Le mandat doit préciser :

1. les modalités selon lesquelles le salarié a été désigné,
2. le périmètre du mandat,
3. les obligations d'information incombant au salarié,
4. les conditions selon lesquelles le projet d'accord est soumis au syndicat,
5. les conditions dans lesquelles l'organisation mandante peut exercer jusqu'au terme du mandat son droit d'y mettre fin (en cas de désaccord, le syndicat peut ainsi retirer son mandat au salarié),
6. les conditions selon lesquelles le projet d'accord est soumis au syndicat mandant une fois la négociation achevée,
7. les modalités selon lesquelles, le cas échéant, le salarié mandaté est associé au suivi de l'accord, pendant une durée maximale de 12 mois.
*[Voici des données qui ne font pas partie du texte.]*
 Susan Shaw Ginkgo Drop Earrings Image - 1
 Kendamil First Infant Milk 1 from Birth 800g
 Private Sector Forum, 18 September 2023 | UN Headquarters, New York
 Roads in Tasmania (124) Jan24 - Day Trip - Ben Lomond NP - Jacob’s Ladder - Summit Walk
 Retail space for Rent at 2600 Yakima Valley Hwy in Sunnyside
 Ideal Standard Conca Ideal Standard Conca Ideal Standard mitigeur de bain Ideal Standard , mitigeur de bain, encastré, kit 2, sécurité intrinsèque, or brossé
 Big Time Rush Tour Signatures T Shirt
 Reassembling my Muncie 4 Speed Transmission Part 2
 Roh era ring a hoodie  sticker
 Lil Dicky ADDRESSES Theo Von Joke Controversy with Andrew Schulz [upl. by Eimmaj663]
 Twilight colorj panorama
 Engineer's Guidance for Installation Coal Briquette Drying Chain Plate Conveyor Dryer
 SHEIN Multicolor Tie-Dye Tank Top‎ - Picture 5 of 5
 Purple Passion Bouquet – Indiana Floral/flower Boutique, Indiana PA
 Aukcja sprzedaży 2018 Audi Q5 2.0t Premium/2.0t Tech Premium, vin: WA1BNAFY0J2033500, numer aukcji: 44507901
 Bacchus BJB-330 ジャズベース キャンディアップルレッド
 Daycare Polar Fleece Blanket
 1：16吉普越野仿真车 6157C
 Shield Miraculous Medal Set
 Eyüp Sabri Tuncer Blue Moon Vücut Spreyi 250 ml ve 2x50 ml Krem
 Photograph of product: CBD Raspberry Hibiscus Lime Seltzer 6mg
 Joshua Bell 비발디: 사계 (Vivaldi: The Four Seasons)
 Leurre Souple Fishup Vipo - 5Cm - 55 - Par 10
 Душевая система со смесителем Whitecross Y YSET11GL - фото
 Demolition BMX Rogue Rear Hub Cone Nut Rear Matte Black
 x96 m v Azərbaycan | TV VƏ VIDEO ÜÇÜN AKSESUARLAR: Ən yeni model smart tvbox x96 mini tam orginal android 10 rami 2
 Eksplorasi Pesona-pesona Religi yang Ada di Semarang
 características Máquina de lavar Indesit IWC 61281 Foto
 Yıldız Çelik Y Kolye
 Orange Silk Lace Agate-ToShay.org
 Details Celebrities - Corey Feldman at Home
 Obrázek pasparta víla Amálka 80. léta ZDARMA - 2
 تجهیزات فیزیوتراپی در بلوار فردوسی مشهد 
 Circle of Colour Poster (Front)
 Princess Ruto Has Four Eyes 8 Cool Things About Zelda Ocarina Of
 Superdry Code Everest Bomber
c) Les moyens du salarié ?


Le salarié peut être accompagné par un salarié de son choix.

Le temps passé par le salarié mandaté aux réunions de négociation ainsi qu'aux réunions de suivi est payé comme du temps de travail.

Le licenciement du salarié mandaté est subordonné à l'autorisation de l'inspecteur du travail dès que l'employeur a eu connaissance de l'imminence de sa désignation. Il en est de même pendant une période de 6 mois courant à compter de la date de la signature de l'accord ou de la fin de la négociation ou du mandat.